Your task: Please restate the data below word for word, omitting all images.

Recorded information:
- Opening Delimiter -

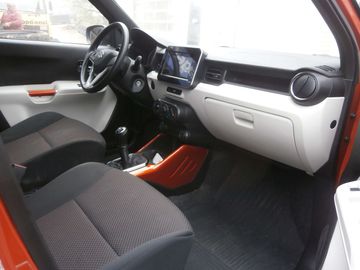 Car image 9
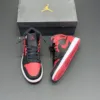کفش نایک ایر جردن وان ساقدار مید بند برد 2020 مشکی قرمز Nike Air Jordan 1 Mid Bred 2020 Black Red کفش نایک ایر جردن وان ساقدار مید بند برد 2020 مشکی قرمز Nike Air Jordan 1 Mid Bred 2020 Black Red - تصویر 2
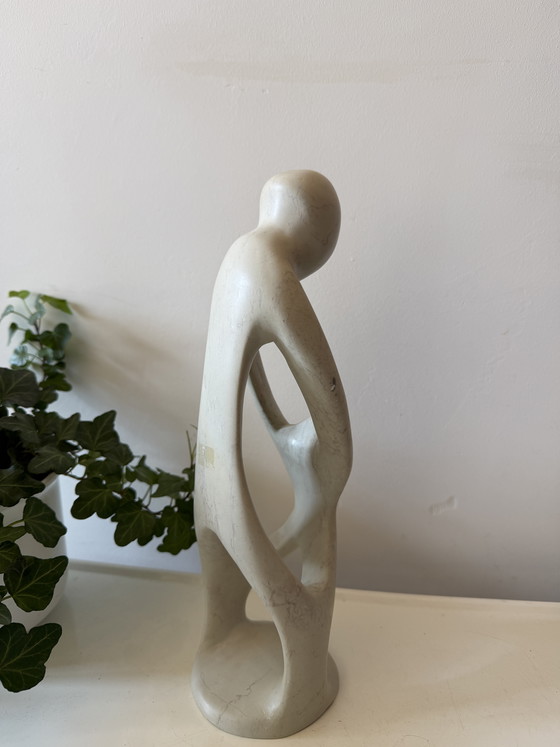 Image 1 of Sculpture en stéatite représentant un parent et un enfant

- Closing Delimiter -

Solution:
 Car image 9
کفش نایک ایر جردن وان ساقدار مید بند برد 2020 مشکی قرمز Nike Air Jordan 1 Mid Bred 2020 Black Red کفش نایک ایر جردن وان ساقدار مید بند برد 2020 مشکی قرمز Nike Air Jordan 1 Mid Bred 2020 Black Red - تصویر 2
 Image 1 of Sculpture en stéatite représentant un parent et un enfant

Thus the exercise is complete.